See what the compiler generates
# Install cargo-expand
cargo install cargo-expand
# Write a simple async fn and expand it
cargo expand --bin 2-state-machines 2>/dev/null | head -100
The output is verbose but you’ll see an enum with variants matching the await points.
Exercises
Exercise 1: YieldOnce future
Implement YieldOnce<T> — a future that returns Pending on the first poll (and wakes), then Ready(value) on the second poll. This simulates one async operation completing.
Exercise 2: Manual AddSlowly state machine
Implement AddSlowly as an enum with the states shown above. Implement Future for it by hand — match on the current state, poll sub-futures, transition states.
Run it with poll_to_completion from Lesson 1 and verify it returns the correct sum.

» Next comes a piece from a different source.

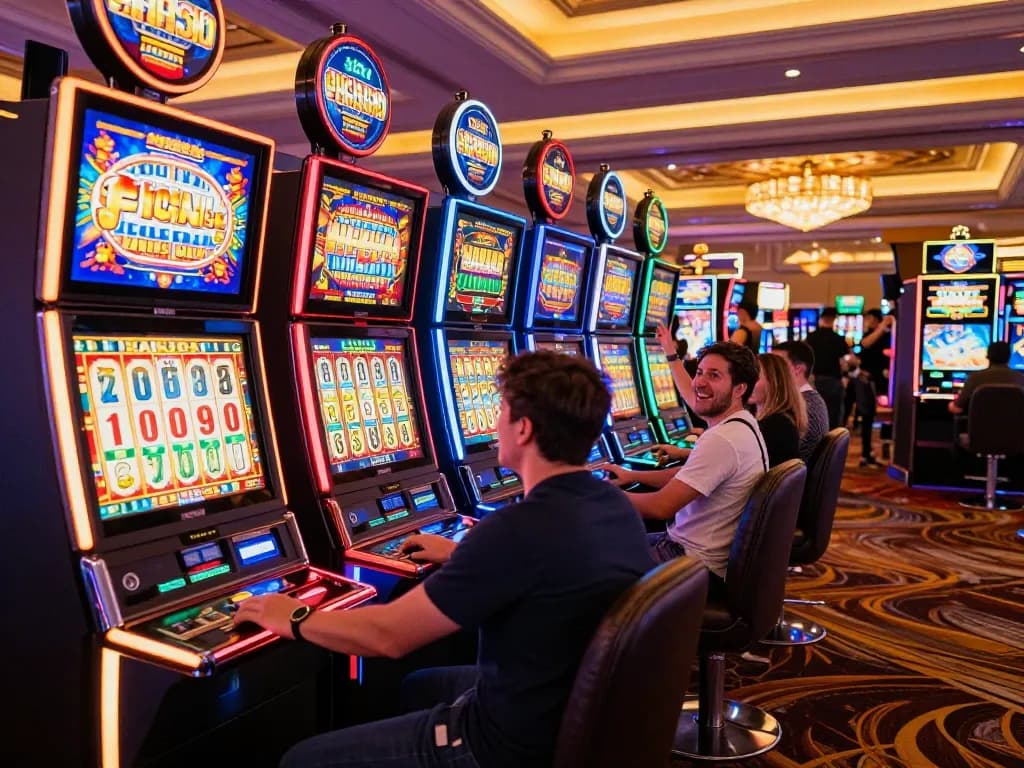 Players enjoying the excitement of Lucky88 slot machines in a vibrant casino atmosphere.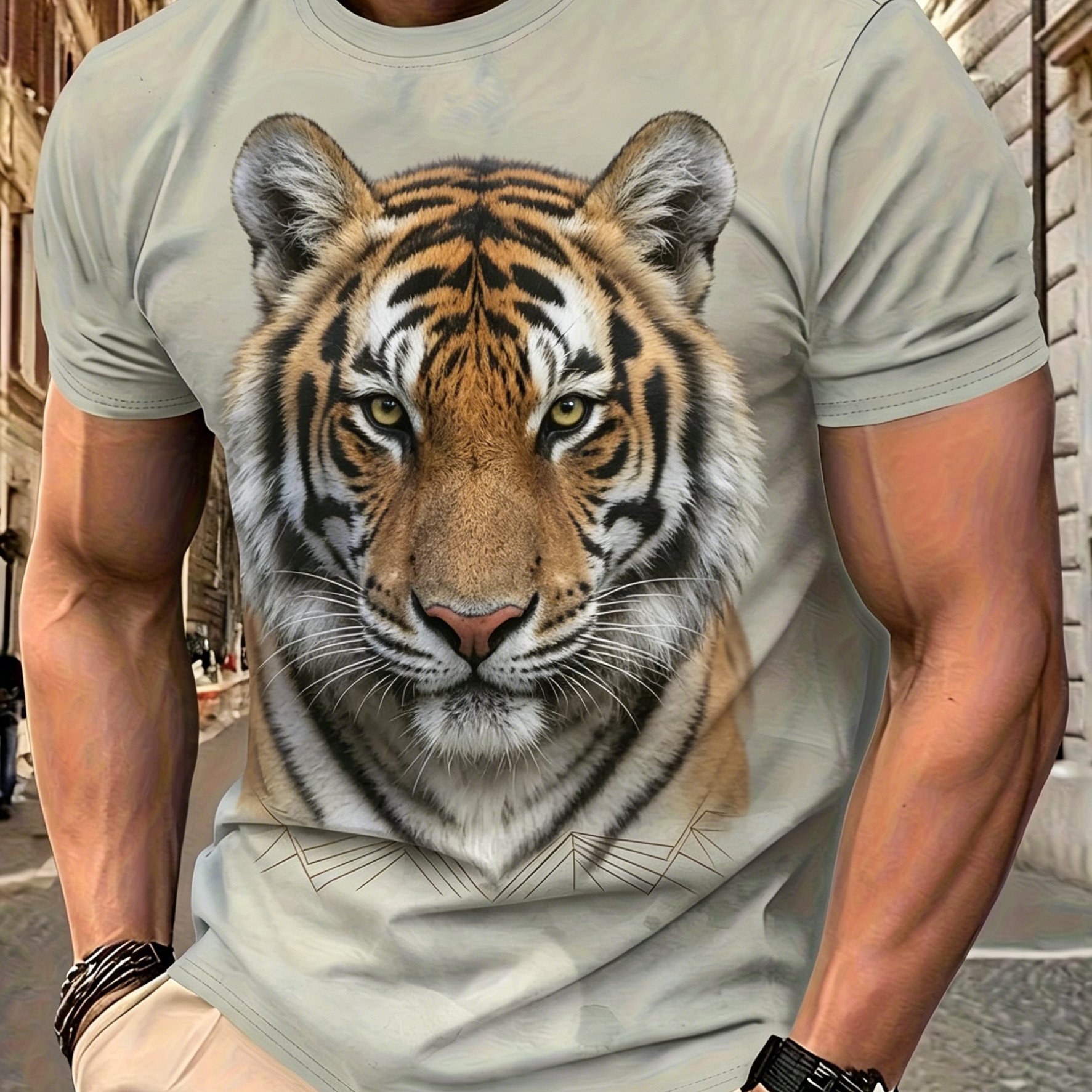 TEMU Men's Realistic Print T-shirt - Plus Size Short Sleeve Crew Neck Top With Full-body Tiger, Oversized Loose Fit Casual & Athletic Wear Suitable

Exercise 3: Async version comparison
Write the same logic as async fn add_slowly using actual async/.await. Run both (your hand-written state machine and the async version). Verify they produce the same result.
Exercise 4: Future sizes
Print the size of various futures:
#![allow(unused)]
fn main() {
async fn no_awaits() -> u32 { 42 }
async fn one_await() -> u32 { yield_once(42).await }
async fn holds_big_data() -> u32 {
let buf = [0u8; 1024];
yield_once(0).await;
buf[0] as u32
}
}
Use std::mem::size_of_val(&future). Compare the sizes — the future that holds [u8; 1024] across an await will be ~1KB larger.